How was your Family Day long weekend?

I hope you had a wonderful time with friends and family on the Family day long weekend or whatever you decided to do.

For me, I noticed as Friday rolled around that I was feeling a deep sense of loneliness. I also noticed this has been a reoccurring theme whenever a long weekend or a holiday comes around.

No matter what I did to put myself out there, to reach out beyond my feelings of isolation and loneliness, to connect with others, nothing seemed to work to relieve my anxiety. So, on Saturday night, I got really still and went deeper inside of me to sort this out.

While letting myself feel the sadness, I could not initially identify anything specific it was relating to, but kept going deeper into it. This is when I realized there was a deeper layer of grief related to the death of the last of my “family” members and it was fuelling the loneliness. My Dad died in September of 2017, as did my cat Kinuso, in November.

Eventually I got in touch with feeling angry about being left behind by my Father and Kinuso. Once I got into the depth of the anger, and released it, I was able to navigate my way out and onto the other side of it.

I know for myself and have known about myself for a very long time, that the only way “out” of the what society calls “negative feelings” is for me to fully embrace them and feel them deeply by diving in. Only then will I come out on the other side. It however, does not come without the initial anxiety that comes with feeling “off,” or in this case – lonely.

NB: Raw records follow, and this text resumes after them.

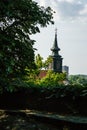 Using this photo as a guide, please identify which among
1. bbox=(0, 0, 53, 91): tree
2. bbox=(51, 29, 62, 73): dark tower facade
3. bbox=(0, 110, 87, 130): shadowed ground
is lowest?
bbox=(0, 110, 87, 130): shadowed ground

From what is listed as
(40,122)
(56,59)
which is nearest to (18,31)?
(40,122)

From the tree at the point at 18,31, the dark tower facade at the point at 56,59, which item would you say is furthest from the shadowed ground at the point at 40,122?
the dark tower facade at the point at 56,59

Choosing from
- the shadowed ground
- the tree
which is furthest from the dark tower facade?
the shadowed ground

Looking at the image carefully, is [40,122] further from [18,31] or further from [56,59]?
[56,59]

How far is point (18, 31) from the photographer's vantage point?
18906mm

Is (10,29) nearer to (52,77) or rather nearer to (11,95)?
(11,95)

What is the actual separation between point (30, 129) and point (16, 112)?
114 inches

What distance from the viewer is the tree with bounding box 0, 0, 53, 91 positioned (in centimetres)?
1714

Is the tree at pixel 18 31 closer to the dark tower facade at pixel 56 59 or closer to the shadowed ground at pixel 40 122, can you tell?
the shadowed ground at pixel 40 122

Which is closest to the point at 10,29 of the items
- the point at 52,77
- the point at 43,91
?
the point at 43,91

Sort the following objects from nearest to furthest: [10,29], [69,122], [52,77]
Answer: [69,122]
[10,29]
[52,77]

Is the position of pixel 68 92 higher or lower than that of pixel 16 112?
higher

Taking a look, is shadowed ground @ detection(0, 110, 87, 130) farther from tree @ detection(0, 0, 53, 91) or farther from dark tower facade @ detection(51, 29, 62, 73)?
dark tower facade @ detection(51, 29, 62, 73)

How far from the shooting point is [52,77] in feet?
156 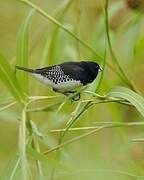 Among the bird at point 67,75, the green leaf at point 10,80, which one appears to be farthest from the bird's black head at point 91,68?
the green leaf at point 10,80

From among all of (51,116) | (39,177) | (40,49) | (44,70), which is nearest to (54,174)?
(39,177)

Getting to the stage of being fully present to my feelings and being willing to explore at this level often feels like asking myself to willingly walk the plank to my demise into the ocean! (of the unknown.) Frankly, I would rather distract myself with entertainment, or some other numbing experience.

Then, as is always the case, when I decided to just get in and find out what was in there, I eventually emerged, the world seemed ok again, actually better than “ok.” The feelings of loneliness had completely disappeared, the “sun was shining again,” and I wanted to dance, so I did.

It always works this way for me, this cycle of resistance then surrendering to the feelings, and emerging, feeling like I am reborn. Yet I still resist the journey at the start. The funny part is, my resistance to diving in, is actually a longer process than the time I spend being present with my feelings.

I wonder how Persephone felt before travelling into the underworld. She might have felt something similar, and yet she always emerged.

So, in honour of Kinuso, as she was actually the closest, most recent, family relationship to me, I want to share the photos of my journey through her death.

Death is a great teacher. Death is a sacred experience. In honouring Kinuso’s life through ceremony, I honoured myself and my relationship with her.

I hope in my sharing, it will inspire you to Dare to do Death Differently.

Kinuso’s story.…..(photos below)

Kinuso was born in High Prairie, Alberta in 2001. I stopped there over night on a trip to visit my father. I found her desperately crying, hungry and scared in the middle of the night, outside my motel room. She was just a little kitten.

Her name full name was Princess Kinuso Two-tooth. Her name is a combination of the town of Kinuso and the extra set of front teeth growing from her gums below her baby teeth. (When her adult teeth came in, all was normal.) I had decided when we left High Prairie, the next town I came to on my trip with a decent name would be the name I would call her. Grouard was actually the next town, and well, it didn’t have the same kind of ring to it as the next town, Kinuso, did.

While in Alberta, Kinuso had a wonderful life, living with four other cats and a dog. She was an indoor/outdoor cat, able to come and go as she pleased through the cat door. She had other human friends in the neighbourhood that loved her, that she regularly visited. (We lived in a small town.)

Eventually, she was the only one remaining of my fur kids. We moved to Nova Scotia, leaving her other important human behind, arriving on Halloween in 2015, landing in a Halifax apartment.

She gave up a wonderful life in Alberta to adjust to city living with me, not able to go outside and catch mice as she loved to do. I know she missed her pervious home with the privileges she had there and I knew she wanted to go back “home”. Although I was not able to grant her, her wish to return while alive, I did honour her by returning her bones to Alberta in January, for burial later this year.

These photos are of her journey with death, and how I participated in it. They of course do not capture everything but you will get the idea of the depth of my love for her, and how daring to do death differently, for me, was a much healthier experience than any experience I have had before at a funeral for people I know. Of course there were other deaths I was able to officiate at or able to participate in prior to coming to Nova Scotia, that were equally meaningful and prior to knowing I would choose to do this work for a living.

I still miss Kinuso, a lot. She was 16 years old.

In the final series of photos, the alters dedicated to Kinuso, are marking her life both in Alberta and Nova Scotia, simultaneously, at least until her bones and ashes are buried, likely in June.